His namesake, Martin Luther, was a fantastic revolutionary who literally took hold of the Catholic religion and re-formed it with Protestant traditions. King followed suit cutting just as groundbreaking a path, and like Jesus took on the work of his father, Martin Luther King, Sr., whose full name he bore, being the junior like Christ was to his own Divine progenitor. And like Christ, he was a Savior dying like a sacrificial lamb in the 13th year of his national, yeah international, ministry.
The night before he left planet Earth, King foresaw his own demise. Christ-like in a Memphis auditorium that turned into his Garden of Gesthemane, he told his gathered followers, Moses-like, that they would get to the Promised Land, but he was not likely to be there, in the flesh, to enjoy it with them.
(Memphis, name of the capital of Egypt when the Israelites were held in bondage. Memphis, at the time King spoke, home to a man falsely claimed to be King of the music of the Black folk that held the nation in rhythmic sway.)
And after King was martyred, he became an American icon in every sense of the word, on the level of the Founding Fathers, Washington and Jefferson, and the Great Emancipator too. But in truth he stands much higher than these others. Though they proclaimed Liberty for All, they each had a number of terrible, unspoken qualifiers. King had none. He really meant all, and died for everyone.
America is the Promised Land, the big, fertile, resource rich rectangle in the center of the earth, where all God’s children come streaming from every corner of the globe. Truly, are not now the meek coming to inherit the earth, in the wake of Martin Luther King, David-like, killing the Goliath, Jim Crow?
Nonetheless, we still live to a large extent under the nasty myth of white Supremacy. And like all myths it is true to the extent that people believe it to be so. But there’s a countervailing myth that we are the “Land of the Free.” And so, King’s legacy inspires us to do battle with the ghost of our dread Goliath of prejudice, that still plagues this Promised Land.

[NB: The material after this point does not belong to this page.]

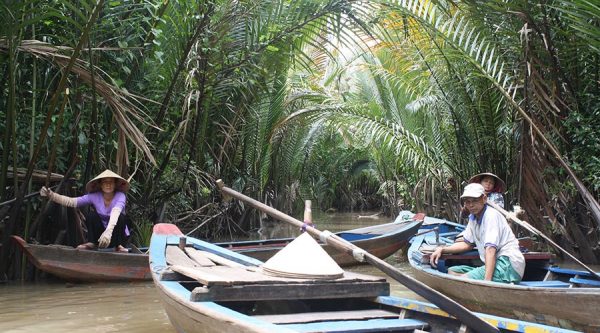 sampan ride in Mekong Delta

Note, that though he was “King,” he was supremely humble, like the only Son of the Father. Martin Luther King willingly, gladly, gave his life to fulfill the prophecy of a “More Perfect Union.” But perfection, we’re told, cannot be had here on earth. Nonetheless, ‘tis a Divine consummation to be wished, to be sought and fought for, as we go forth energized and uplifted by the sparkling, sterling Myth of Martin Luther King. . . ( Arthur Lewin, AfricaUnlimited.com )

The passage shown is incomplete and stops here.